ColumnsThe Suffragist

‘The Night of Terror’ Leads to Women’s Suffrage

Women’s suffrage supporters picket the White House. (Photo courtesy of the National Park Service)

On March 3, 1913, the first massive organized march paraded down Pennsylvania Avenue in Washington D.C., right in front of the White House. It was for Women’s Suffrage, and it wouldn’t be the last time women would take a stand in front of “the people’s house.” Depending on the source, between 5,000 and 10,000 people participated in the march, which took place the day before President Woodrow Wilson’s inauguration. The message was clear: It was time to allow women to vote.

Meanwhile, in Charlotte during that same year, one teenage girl marched in a city parade holding an innocuous suffrage banner. It’s also around that time that women throughout North Carolina began creating their own suffrage groups, including here in the Queen City, thanks to the efforts of Anna Forbes Liddelle. There was even a special suffrage edition of The Charlotte Observer, and other newspapers in the state published serious articles on the topic.

And yet, by 1917, the state had only 175 members in some 20 suffrage clubs, according to North Carolina Making History, a book by Margaret Supplee Smith and Emily Herring Wilson.

Members of Charlotte suffrage groups were, according to several sources, usually the wives of wealthy business men and meetings were more like tea parties than rallies worthy of the “radical” label that others tended to thrust onto any Southern woman who dared fight for her right to vote.

The march in D.C. was a break in protocol for the suffrage movement, which, since the mid-1850s, had been prim and proper. It marked a decisive split between the old guard and the new. The younger women, led by Alice Paul, were ready to get into people’s faces while the older women were still trying, after 65 years, to reason with politicians.

Alice Paul raises a glass to the suffrage flag in September 1920.

By 1916, Paul made the break official when she created the National Women’s Party. In 1917, her group began daily silent protests in front of the White House. Day in, day out — rain, snow, sleet, heat — they were there. They became known as the “Silent Sentinels.” For two and a half years they did this, holding signs that read, “Mr. President, how long must women wait for liberty?” and “Mr. President, you say liberty is the fundamental demand of the public spirit.”

According to the U.S. National Park Service (NPS): “The women were harassed and beaten and were repeatedly arrested and jailed on charges of ‘obstructing traffic.’ The women were sent to the Occoquan Workhouse (a prison) in Virginia … (where) conditions were awful.”

 

When they refused to eat their mouths were forced open. When they clenched their jaws, tubes were forced into their noses and raw eggs and other foods were poured into their bodies. When they were released, they returned to the White House and stood with their signs and endured the taunts, abuse and arrests all over again.

“Protesters faced daily violence from both passers-by and the police, including having their banners ripped from their hands and being physically attacked and arrested,” the NPS explains on its website. “The brutality with which the women were treated created enormous public support for suffrage.”

Finally, according to NPS, “In 1917, the superintendent of Occoquan ordered over 40 guards to attack the Silent Sentinels. Battered, choked and beaten, some to unconsciousness, the women described it as the ‘Night of Terror.’”

Once news of the extreme abuse became common knowledge, the public’s opinion of suffrage shifted. President Wilson had to relent, and in September 1918 he gave a speech urging Congress to pass the 19th Amendment to the U.S. Constitution, the ratification of which we celebrate the 100th anniversary of this year — no thanks to the North Carolina General Assembly, which didn’t vote to ratify the amendment until 1971.

In Wilson’s defense, he was a little busy with the 1918 influenza pandemic and World War I during the Silent Sentinel’s daily protests. However, in his speech, he finally acknowledged that women played a pivotal role in the war’s success, saying, “…we have made partners of the women in this war … Shall we admit them only to a partnership of suffering and sacrifice and toil and not to a partnership of privilege and right?”
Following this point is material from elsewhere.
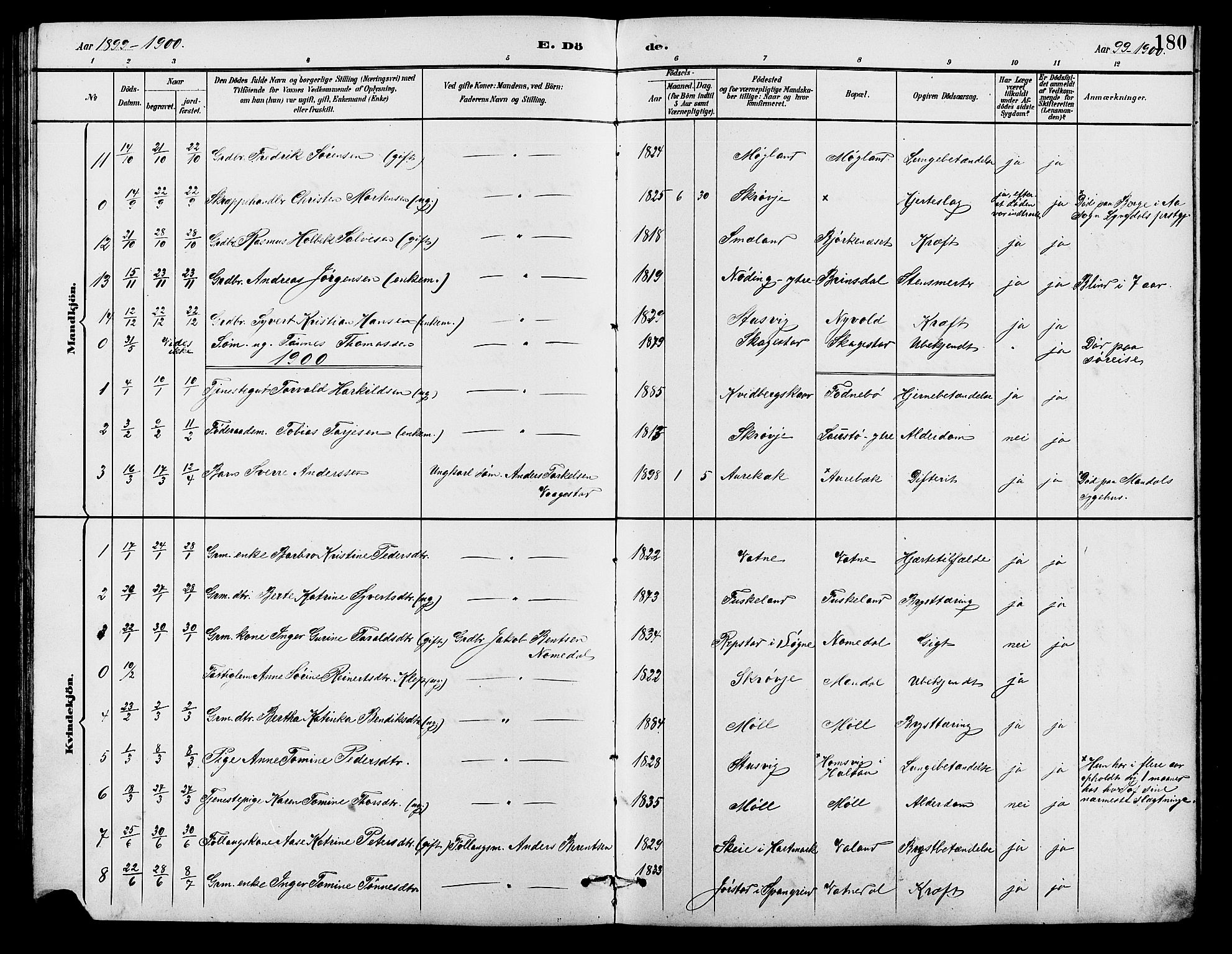 Holum sokneprestkontor, SAK/1111-0022/F/Fb/Fba/L0005: Parish register (copy) no. B 5, 1891-1909, p. 180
On Feb. 29, The Washington Post published a profile titled “Miranda’s Rebellion.” In it, Southern women are credited as the linchpin in the 2020 presidential election.

“[Miranda] is 39, a high school English teacher with a PhD and part of a voting demographic whose rebellion could upend the political map of the country: not just suburban women, not just white suburban women, but white suburban women in the South, whose loyalty Trump will need to remain in power,” writes Stephanie McCrummen. “It’s the kind of loyalty that has always been expected of white Southern women, who have long played a role as allies of the status quo.”

But then again, anything could happen.